ÖNYARGILARI BIRAKTIM, ÇOĞULCULUĞU SAVUNUYORUM

"Birçok önyargıyı bıraktık. Daha demokratik ve çoğulcu bir sosyalizmi savunuyoruz. Diktatörlüğe karşıyız ve demokrasi, diyoruz. Sosyalizm olacaksa bile halk istemeli, halka rağmen olmamalı." görüşlerini ifade ediyor. Türkiye'deki solcu ve ulusalcı çevrelerin dünyanın değişimini okuyamadığını belirtiyor. Avrupa Ekonomik Topluluğu'ndan (AET) Avrupa Birliği'ne (AB) geçiş sürecini yaşayan biri olarak, "Avrupa sadece kapitalizm ve emperyalizm değil. Aynı zamanda bilim, sanat ve demokrasi. Emekçisiyle, işvereniyle bir bütün." diyor.

Türkiye'ye dönmenin heyecanını yaşarken bir taraftan da psikolojik olarak kendini hazırlamış: "İçinde yaşamak, soluk almak farklı bir şey. Gidip gelenler bazıları olumlu bazıları düş kırıklıklarını dile getiriyorlar. İnsan ilişkilerindeki olumsuz gelişmeler gibi... Herhalde doğaldır. Ama gitmeden, yaşamadan büyük laf etmek zor. Yine de şaşıracağımı zannetmiyorum."

Türkiye'de nerede yaşayacağına henüz karar vermemiş. İstanbul, Ankara ve Diyarbakır'dan sonra Tunceli'de baba ocağını ziyaret edecek.
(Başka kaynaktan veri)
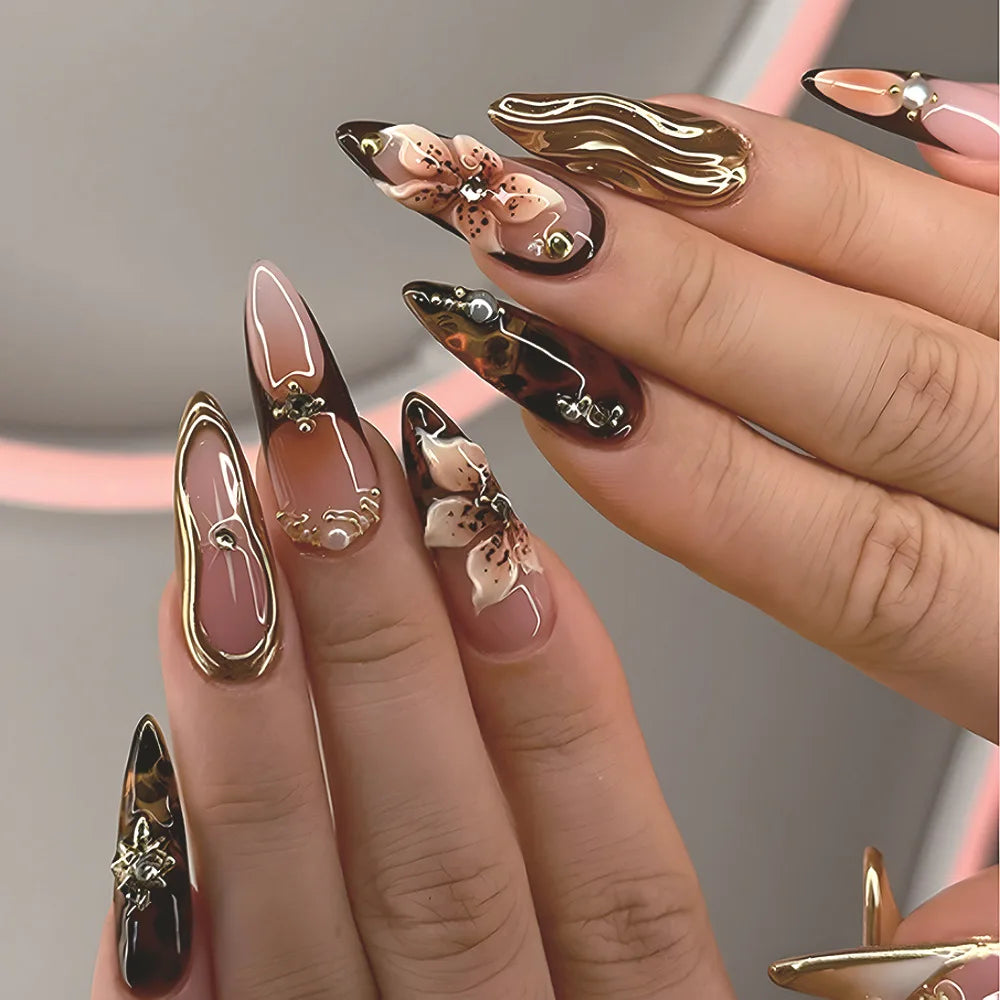 24pcs Finished Almond Press on Nails Art Reusable Sweet Flower Pink Long False Nail Sets with Shell Pearl Design Fake Nails Tips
Kararsızlığını şu sözlerle yansıtıyor: "Dostlarım, arkadaşlarım var. İkiz kızlarım ülkede. Çocukları var. Gidince onları da göreceğim. Onun dışında orada kız kardeşim ve onların çocukları var. Seher Dilovan benim yeğenim, kız kardeşimin çocuğu. Köyde ağabeyim ve yeğenlerim var Tunceli'de."
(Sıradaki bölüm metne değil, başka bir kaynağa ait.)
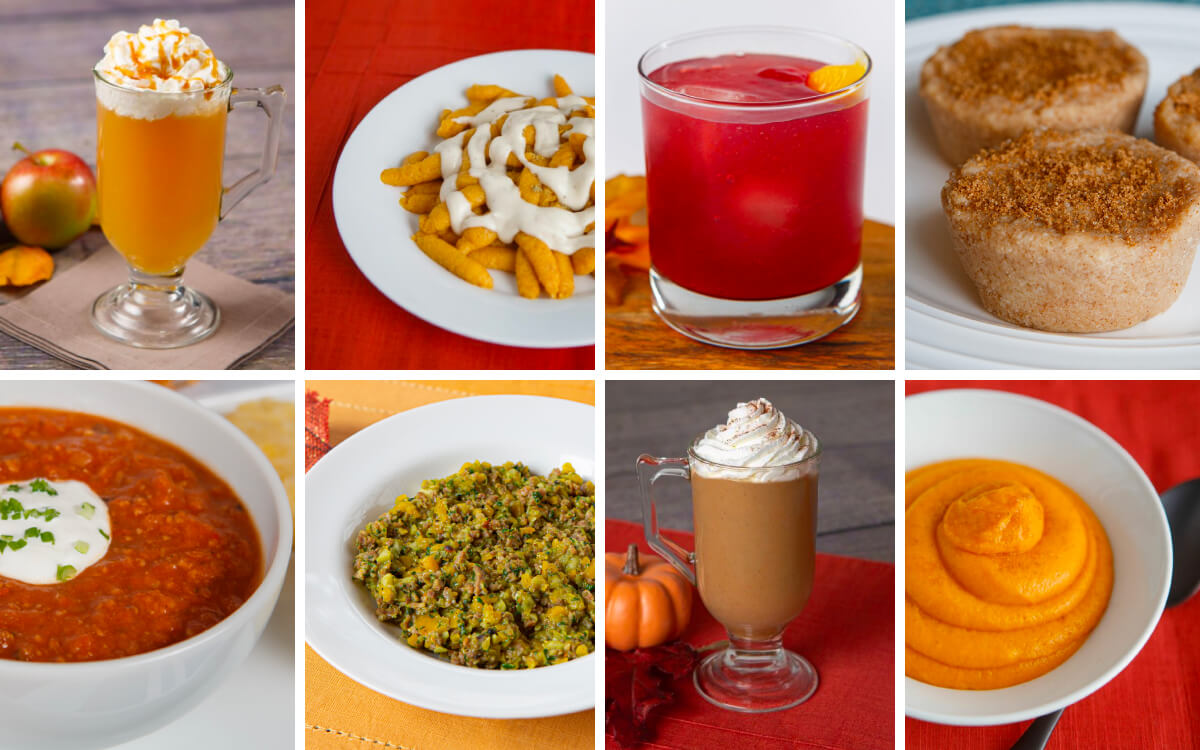 A collage of 8 fall recipes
STATÜKO CANAVARI SON ANLARINI YAŞIYOR

Türkiye'ye döner dönmez sıcak politik ortamla ve anayasa tartışmaları içinde kendini bulacağının bilincinde. "Elbette yeni anayasaya destek olacağım." vurgusunun ardından şunları söylüyor: "Ülkemin ihtiyaç duyduğu tümüyle yeni, çağdaş standartlarda demokratik bir anayasa. CHP ve diğer partiler buna hazır değil, hükümetten cesaret bekliyor. Döndüğümde aktif siyasette olmak istemem. Asla milletvekili olmayacağım. Daha çok yazmak, gezmek ve dinlenerek ömrümü tamamlamak isterim. Ama buna imkân olmadığını biliyorum. Bizim de sorumluluklarımız var. Köyüme çekilemem ama yolu ne olur bilemem."

Son yaşanan Silvan saldırısı ve tırmandırılan terör hadiseleri ile ilgili olarak, "Bunlar beni korkutmuyor, üzüyor." ifadesini kullanan Burkay, şu tespitleri yapıyor: "Tam düze çıkacağınızı düşünürken yeni engeller ve tuzaklar bunlar. Türkiye eskisi gibi ve eski yöntemlerle yönetilemez. İnişli çıkışlı ve sancılı olacak. Ama sonuna geldik. Bu bir anlamda canavarın son anlarını yaşarken can havliyle kuyruğunu oynatması. Eski statüko yıkılıyor ve büyük bir değişimden geçiyoruz."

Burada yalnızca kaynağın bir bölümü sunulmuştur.